Roads approaching the venue have traffic diversion signs. However, these signs are road-side moving/scrolling display type. Such signs are not in the database of regular traffic signs. The driver follows these diversions, although this route is not the optimal one as per the map of the region. In ordinary circumstances, this action by the driver will be deemed inefficient and scored low. However, if the time-period for the segment of the path has already been indicated as Special Occasion, and the driver follows the diversions, then the actions of the driver will be used to extract an event signature. Such a signature can include: saccading to the roads-side display, which becomes a new region of interest (ROT), and saccades/smooth pursuits following the scrolling/moving letters within this ROI, while saccading back and forth to the traffic ahead, slowing down to read the signs (foot movement), gripping the steering wheel a little tighter.
[0143] Event signature Weather Related (2506) relates to environmental (local weather) characteristics that cause a driver to change driving characteristics. For example, during a first rain, roads becomes slippery, and an experienced driver will slow down much more than the usual when turning. During subsequent rains, the magnitude of slowing down will reduce. As another example, on a rainy day with wet and slippery roads, the driver will maintain a longer following distance, be more vigilant when traffic is merging (foot is more often hovering over the brake, with a lot more alternating acceleration and braking, while the hands are firmly gripped on the steering wheel, and there are a lot more saccades towards adjacent lanes).

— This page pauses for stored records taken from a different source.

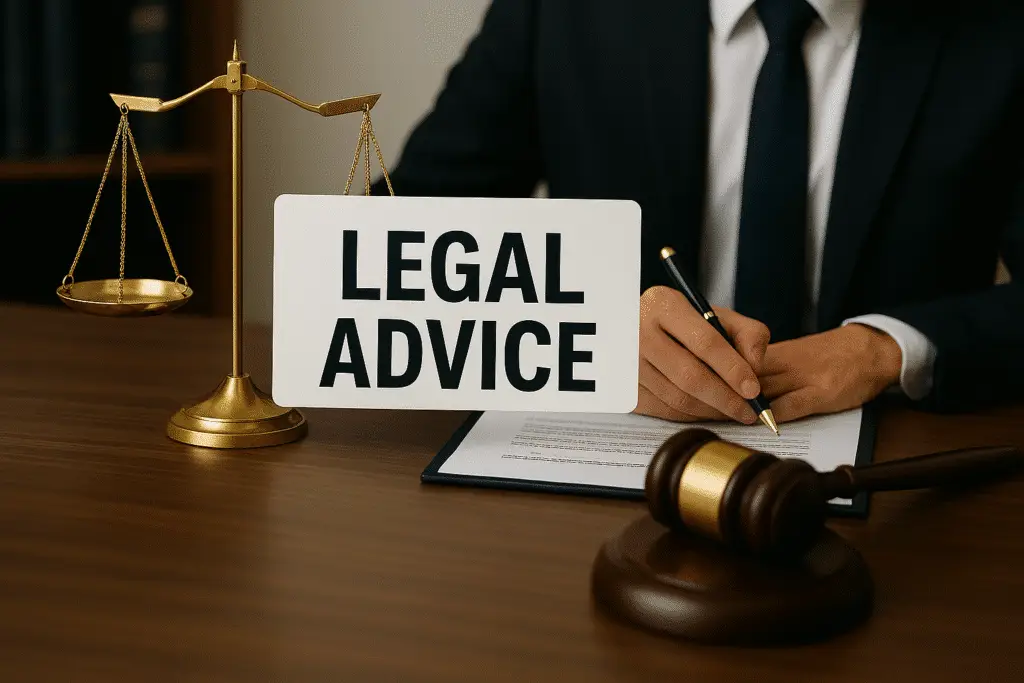 Legal advice with scales and gavel.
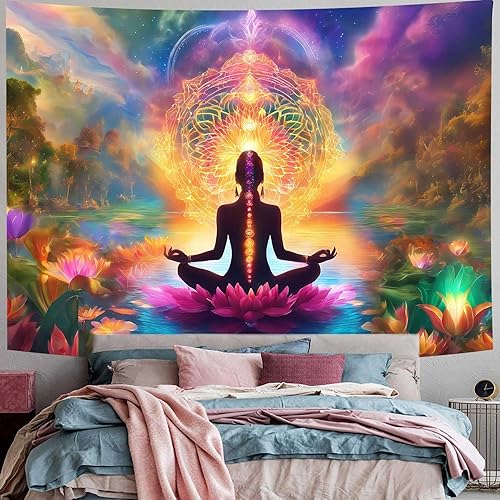 Miniatura 7 de NTERC Tapiz de meditación de yoga, hippy dios, buda, chakra, tapiz de loto morado, paisaje espiritual psicodélico, decoración de pared, tamaño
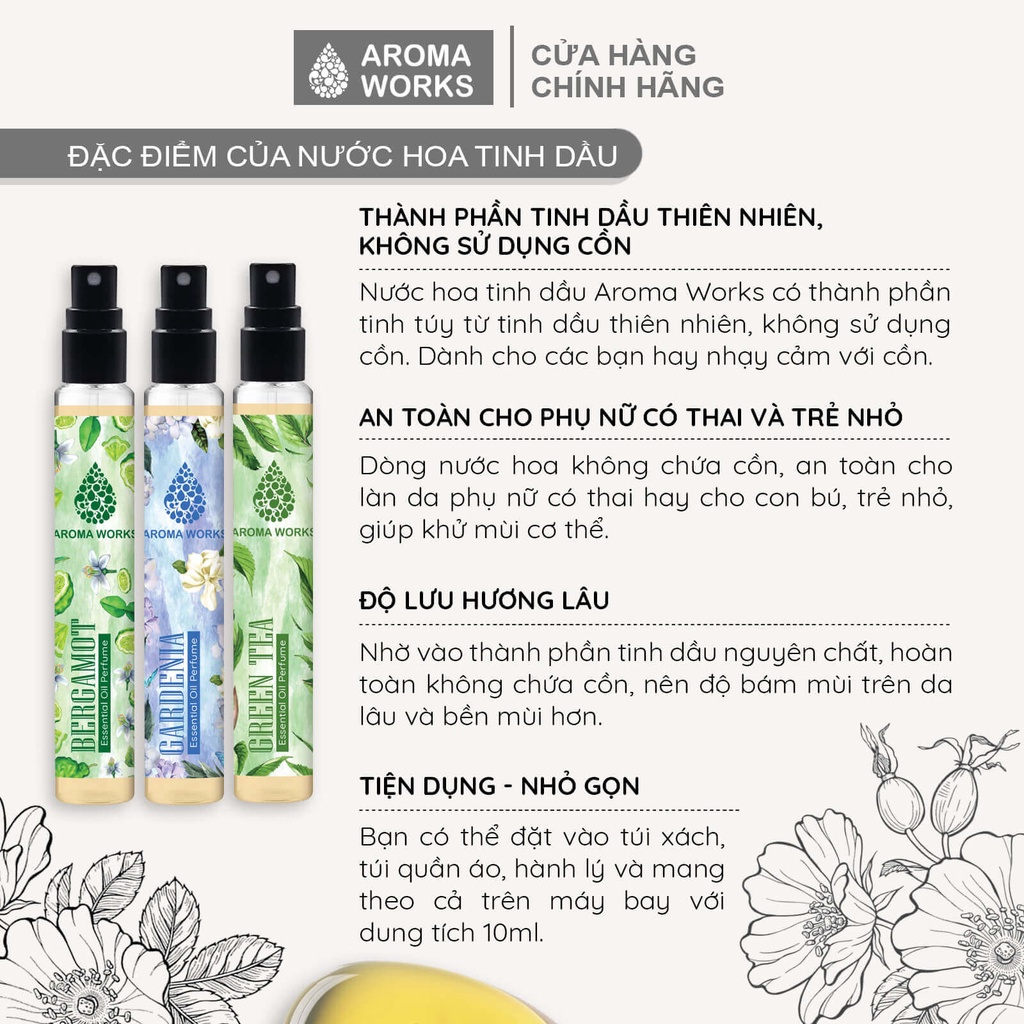 Tinh dầu nước hoa không cồn, lưu hương lâu Aroma Works Gardenia Essential Oil Perfume 10ml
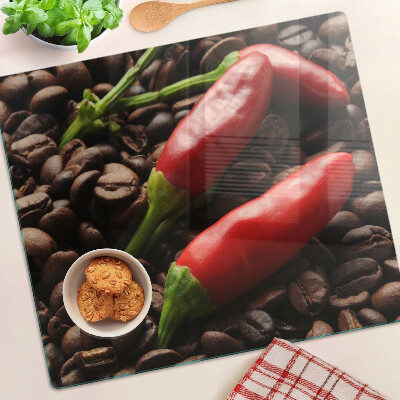 Skleněná krájecí deska Káva a chilli papričky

[0144] Event signature New Traffic Situation (2507) relates to driver's behavior during changed traffic situations. This can include accidents ahead, lane closures, certain segments being converted to one-way roads. These situations will generally be a surprise to drivers. Their response to these situations will deviate from the normal, and the routes they take will vary from what is required by a map. Hand and foot sensors will detect some indecisiveness (unusual slowing down, foot off the accelerator and hovering over the brake, with intermittent pressing of the brake pedal, both hands on steering), while eyes will register regions with unusually slowing traffic (saccades to various portions of oncoming as well as on road traffic) which is confirmed by forward looking camera video.
[0145] Event signature Unclear Situation (2508) relates to situations when the driver is not sure of what to do next. For example, when lane markers on roads are faded, drivers traversing that segment of the path after a long time will be confused as to the lane boundaries. This can translate into the foot getting off the accelerator and hovering over the brake pedal without depressing it, even though the speed limit for that segment is much higher.
Other examples are: a situation when traffic lights are malfunctioning, or when another car has turned on turn indicator but is not entering the lane the driver is on. Lack of clarity in these situations can be traced from saccades to and from different ROIs, hand grip pressure and foot position.
Aural sensors may not detect any abnormality in ambient sounds.
[0146] Event signature Startled (2509) relates to an event in which the driver is startled. In such a situation, the driver becomes alert instantly. The hand-grip tightens instantly, with more number of fingers and more surface area of the palms making contact with the steering wheel.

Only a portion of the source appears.